Outside the borders of the former USSR, Russian intervention in Syria saved the presidency of Bashar al Assad and guaranteed an extension of its naval base on the Mediterranean.

The Russian military may be a hollow shell compared to the Red Army of yesteryear, but its string of victories has been impressive. It made Russia the “indispensable nation” in Eastern Europe, the Southern Caucasus and Central Asia. No war could be won without Russian backing, no peace maintained without Russian acquiescence.

Or so it seemed before February 2022, when the Russian victory parade in Kyiv had to be cancelled.

The Kremlin’s vaunted military machine became mired in thick Ukrainian mud before having to surrender most of its initial gains. The repercussions are being felt everywhere. In Moldova, the government has openly condemned a Russian coup plot.

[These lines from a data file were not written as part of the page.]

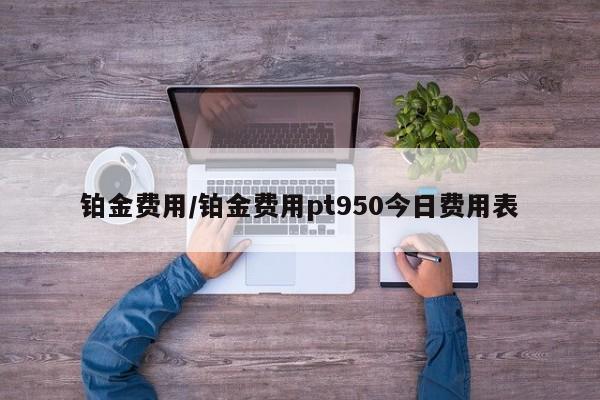 铂金费用/铂金费用pt950今日费用表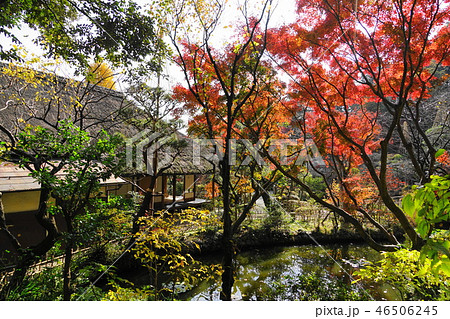 12月 日野24紅葉の松連庵 京王百草園の写真素材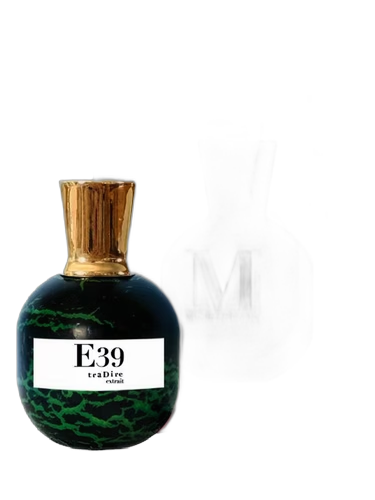 E39 – traDire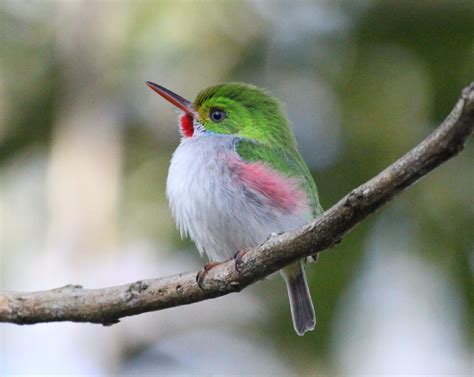 Cuban Tody | Adrian HOPKINS | Flickr Hopkins, Adrian, Cuban, Flickr, Birds, Study, Photography ...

In the Armenia-Azerbaijan conflict, Russian peacekeepers have been standing by helplessly while Azerbaijan reinstates its sovereignty over the disputed Karabakh region. Russia has been forced to inform its longtime Armenian allies that they must accept that Karabakh Armenians live in Azerbaijan. In Kazakhstan, the government has broken from Moscow, signaling its support for Ukraine’s sovereignty.

The effects are nowhere stronger than in Europe, where Poland now aspires to become the next military superpower, the Baltic states welcome a permanent NATO presence and Germany has promised to rearm against the menace in the East. 

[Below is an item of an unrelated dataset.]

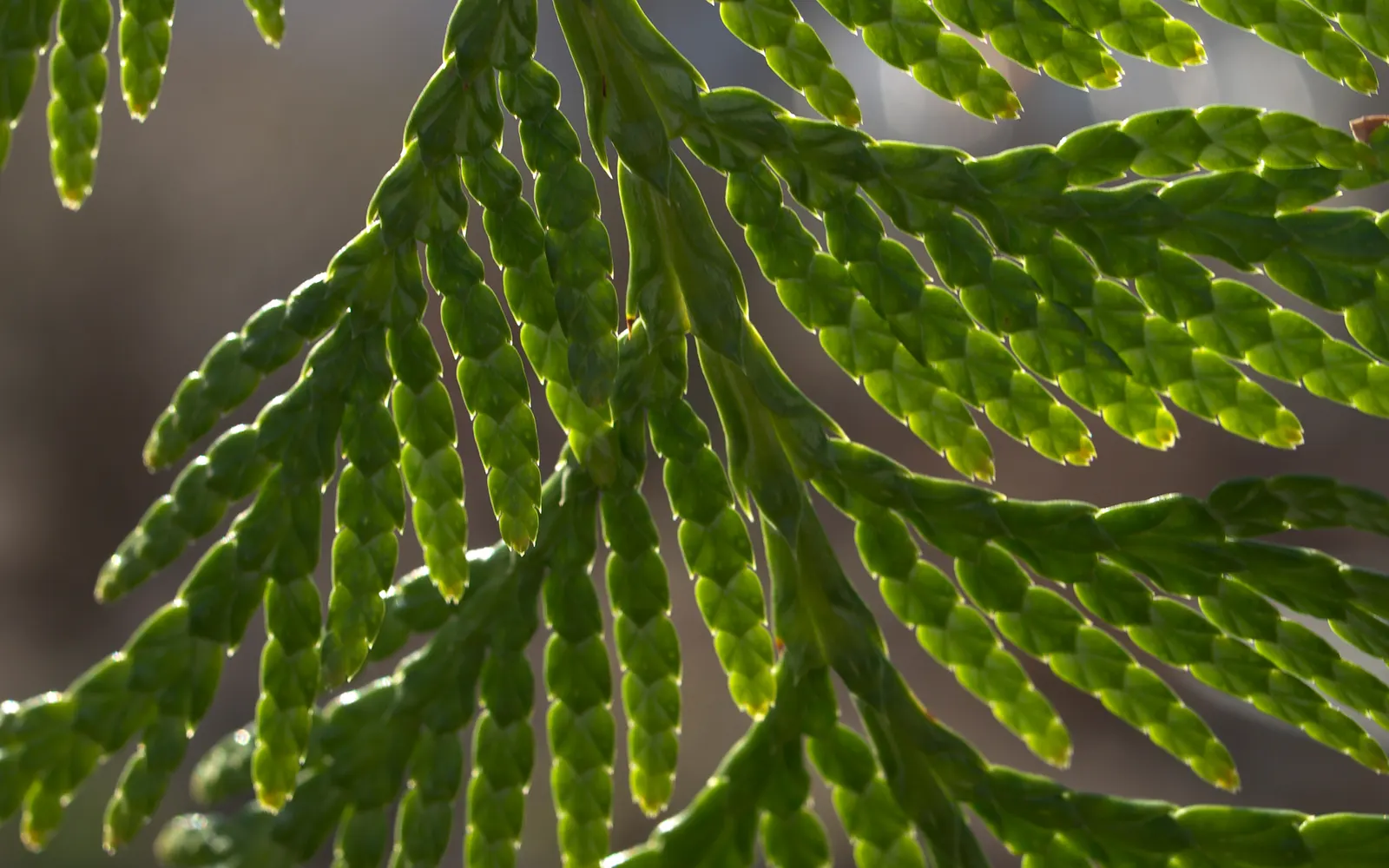 Western Red Cedar (Thuja Plicata) — scientifically known as Thuja plicata; approximately 1/2-inch long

The most cataclysmic changes for Russia have been north of the Baltic Sea, where the neutral countries of Finland and Sweden flew into the arms of NATO and its Article Five protections. Putin claimed that Ukraine’s NATO pretentions were an existential threat to the Russian Federation — Kyiv is, after all, only an 11-hour drive from Moscow. But Putin now shares a NATO border with Finland, a mere five-hour drive from Saint Petersburg.

Countries in the global south have tried to steer clear of these developments, refusing to condemn Russia for its blatant aggression against a neighboring country in hopes of picking up some crumbs from Moscow’s largesse. This is not a new strategy. Throughout the Cold War, the countries within the Non-Aligned Movement tried to play the two superpowers against each other. 

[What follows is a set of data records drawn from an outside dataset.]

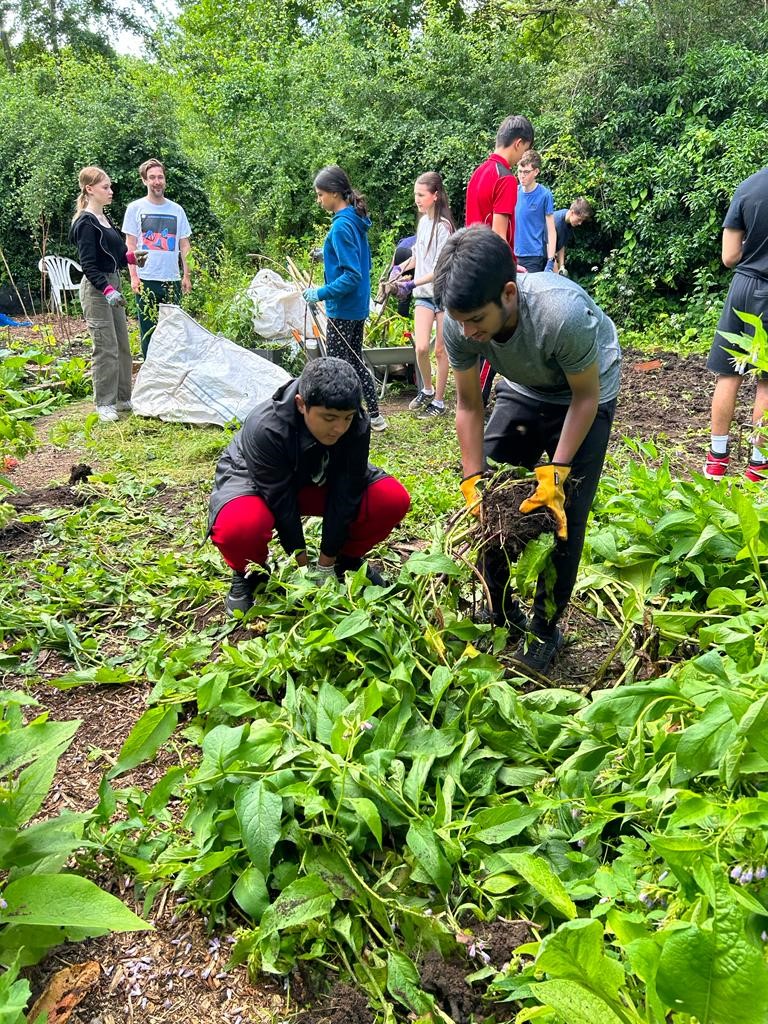 Community Action at Nottingham High School tweet media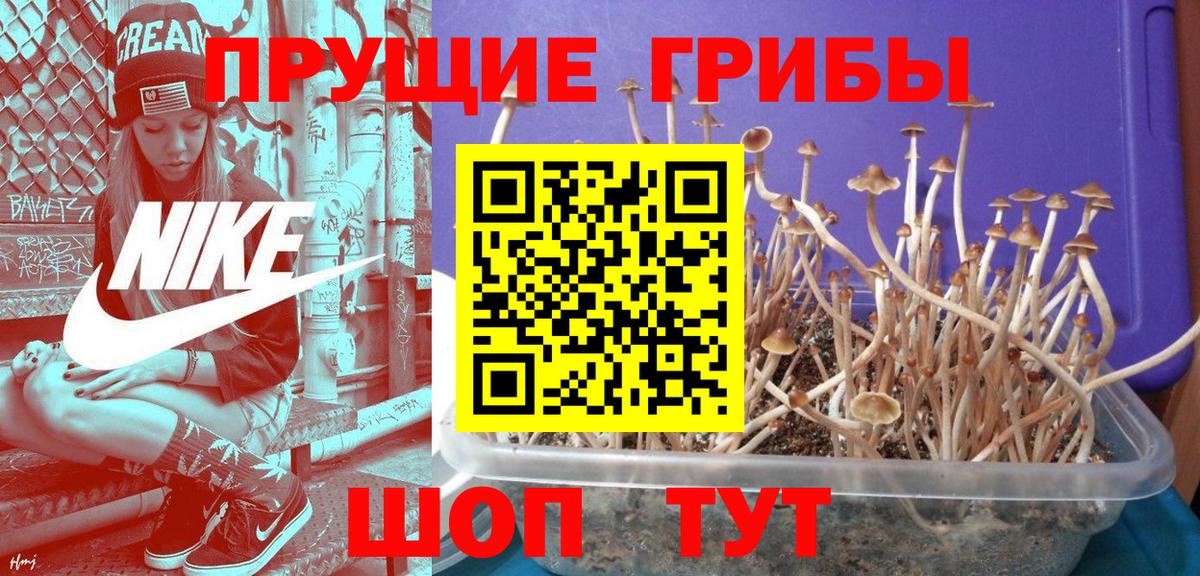 где купить наркоту  Галлюциногенные грибы мицелий  Вход с VPN  Снежинск 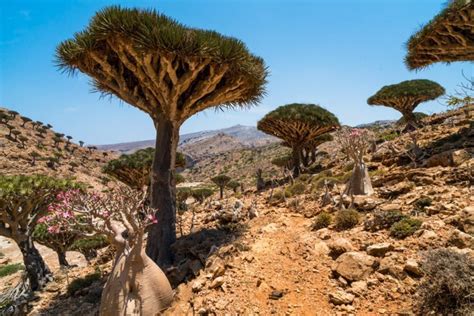 The Day I Met a Caveman on Socotra Island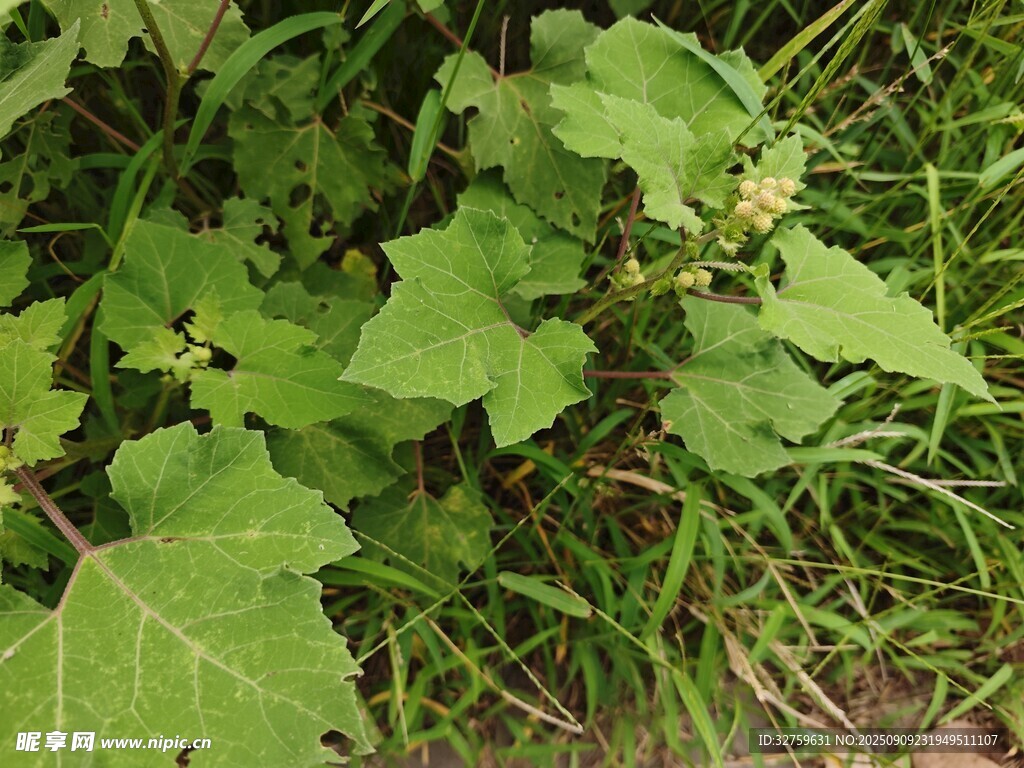 绿叶丛中的植物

The biggest wildcard now is China. After declaring its relationship with Russia as something closer than an alliance, China announced that it would not provide lethal aid to Russia. Now it has gone a step further, declaring that it will ban the export of its dual-use drones.

On balance, America is backing the winning side in this global competition. Despite the Russian/Chinese propaganda that America is a nation in decline, it still maintains the greatest conventional military in the world. Its nuclear arsenal is only matched by Russia’s; its economy is the marvel of the world. And Russia has almost single-handedly done something the United States could not do: expand and reinvigorate the American-led NATO alliance.

Pundits call for a negotiated settlement in Ukraine. They want Vladimir Putin to be given an off-ramp, a face-saving way of ending the conflict while saving his own skin. 

Putin’s worldview, however, visible to all since the 2007 Munich Security Conference, is that America is an implacable enemy that must be stopped from imposing its values on the Russian world. Negotiations cannot alter this perception — they can only give Putin time to rearm and renew his struggle with the West.

The U.S. should continue to support Ukraine in its struggle for independence from its northern hegemon. At the same time, it should look to other fronts that will weaken the Kremlin’s desire to continue fighting.

Renewed ties with China will go a long way toward stymying Moscow. America should also help other countries facing Russian occupation. Moldova would like to restore its sovereignty over its territory; Armenia and Azerbaijan do not need Russian troops on the border; Georgia should not be bound by a unilateral renunciation of force that Russia has never reciprocated. 

It is time for the U.S. to stop looking toward the next election drama in Washington, D.C., and reclaim its title as leader of the Free World.

James J. Coyle is an independent consultant on security affairs and an adjunct lecturer at Pepperdine University. He was formerly the director of Middle East studies, DNSS, U.S. Army War College.